Verder herinner ik eraan, dat het bepaalde in artikel 1, lid 2, sub a, er blijkens lid 2, sub b), en de veertiende overweging van de considerans in wezen toe strekt, de gelijktijdige toepassing van twee of meer nationale wettelijke regelingen op dezelfde uitzending per satelliet van auteursrechtelijk beschermde werken te voorkomen. Om de tot dan toe bestaande rechtsonzekerheid met betrekking tot de te verkrijgen rechten en de daaruit voortvloeiende belemmering voor grensoverschrijdende uitzendingen weg te nemen, omschreef de Raad het begrip mededeling aan het publiek per satelliet binnen de Gemeenschap.(20) Staat eenmaal vast dat de mededeling wordt geacht te zijn gedaan in de lidstaat van oorsprong, dan is het de wet van deze staat waaraan de auteur het exclusieve recht ontleent om de uitzending van het werk bij overeenkomst toe te staan.(21) Bijgevolg zijn delidstaten krachtens de richtlijn verplicht, in hun recht bepalingen op te nemen betreffende het recht van uitzending per satelliet (artikel 2).(22)
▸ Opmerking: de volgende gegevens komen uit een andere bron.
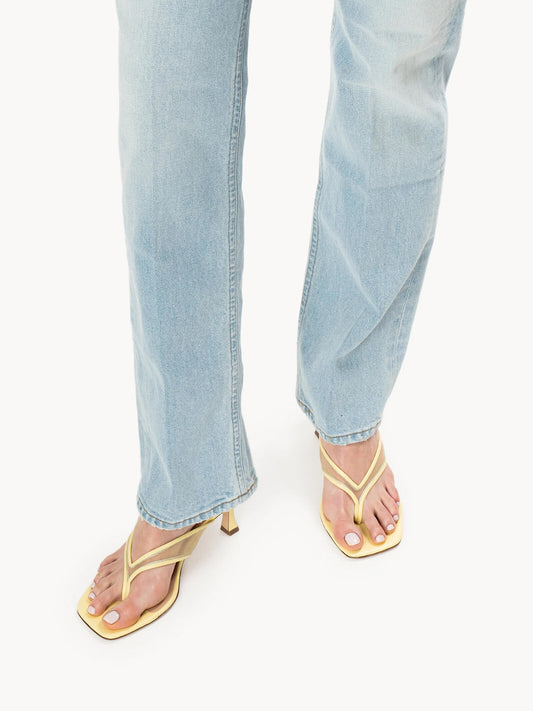 Yellow Vegan Leather And Mesh Square-Toe Flip-Flops Kitten Heels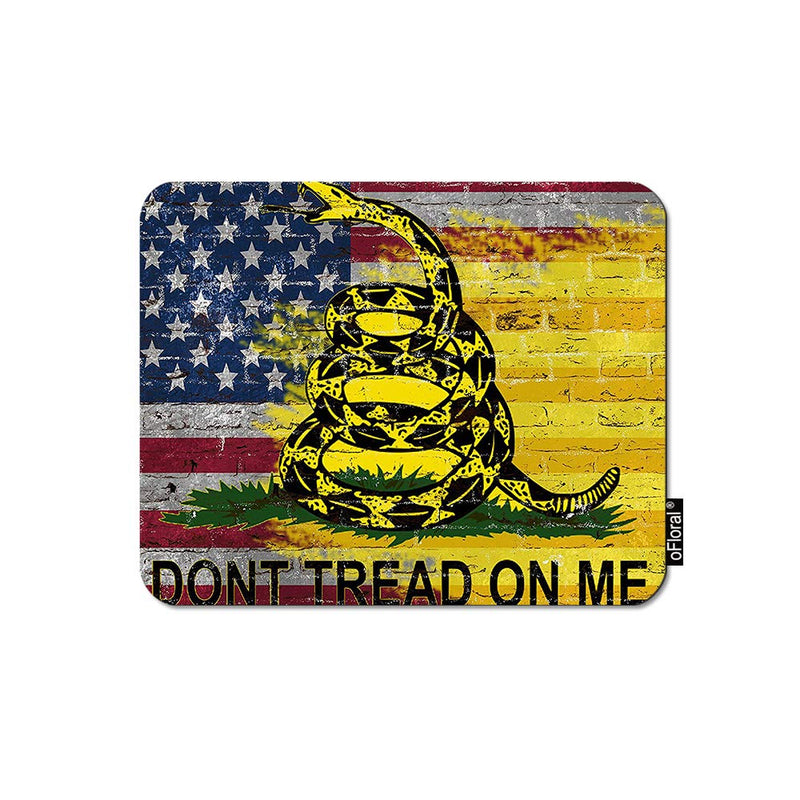 oFloral American Flag Gaming Mouse Pad Dont Tread On Me Letter Yellow Snack Brick Wall Decorative Mousepad Rubber Base Home Decor for Computers Laptop Office Home 7.9X9.5 Inch
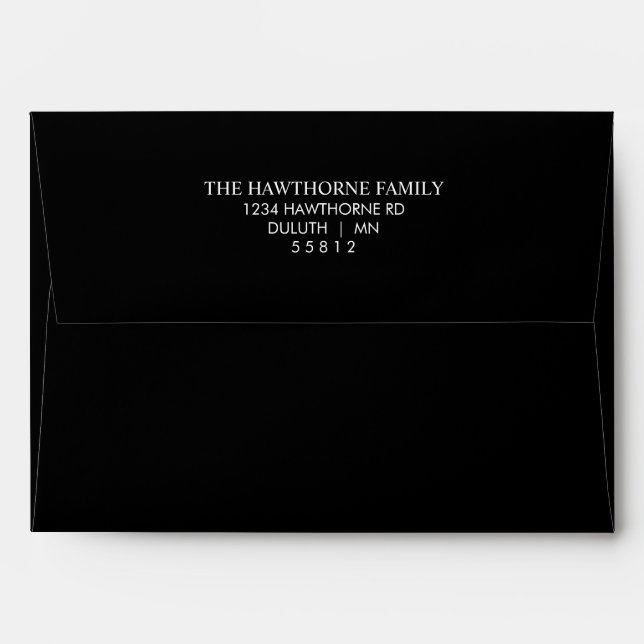 Black Classic Modern Minimalist Envelope (Back (Top Flap))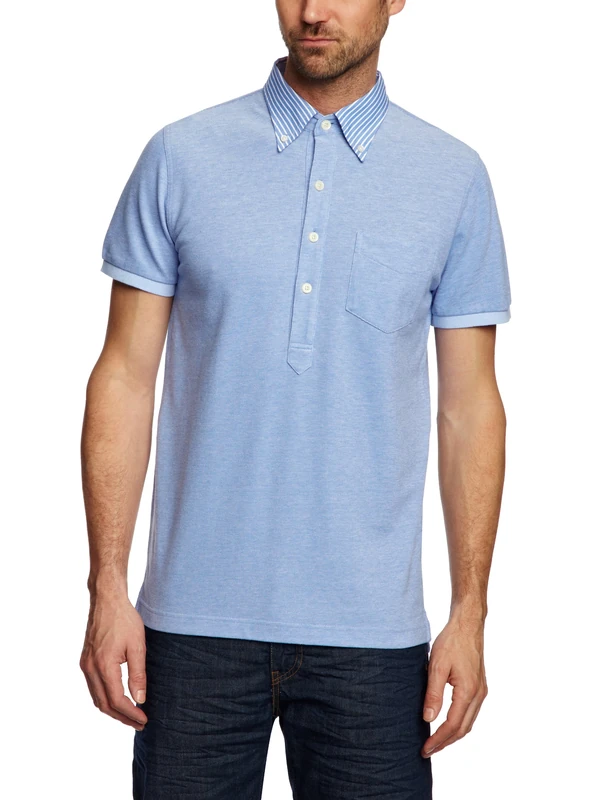 Brooks Brothers Long Placket Oxford Collar Men's Shirt Blue XX-Large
Voor de doorgifte via de kabel is echter een andere oplossing gevonden: zoals de Britse regering opmerkt, verplicht de richtlijn hier niet tot invoering van een overeenkomstig exclusief recht, maar gaat zij ervan uit, dat er in de nationale wetgeving andere rechten („auteursrechten en naburige rechten”) bestaan, die niet geharmoniseerd noch omschreven worden, doch die de lidstaten moeten doen eerbiedigen (artikel 8). Voor wat deze conclusie betreft, ligt het strijdpunt in de onderhavige zaak - dat wil zeggen de bepaling van de inhoud van het uitzendrecht in geval van mededeling aan het publiek via de kabel van een reeds uitgezonden beschermd werk - derhalve buiten het materiële toepassingsgebied van de richtlijn, die ten aanzien van dat exclusieve recht enkel voorschrijft, dat de uitoefening ervan door een maatschappij voor collectieve belangenbehartiging moet geschieden (artikel 9).

15.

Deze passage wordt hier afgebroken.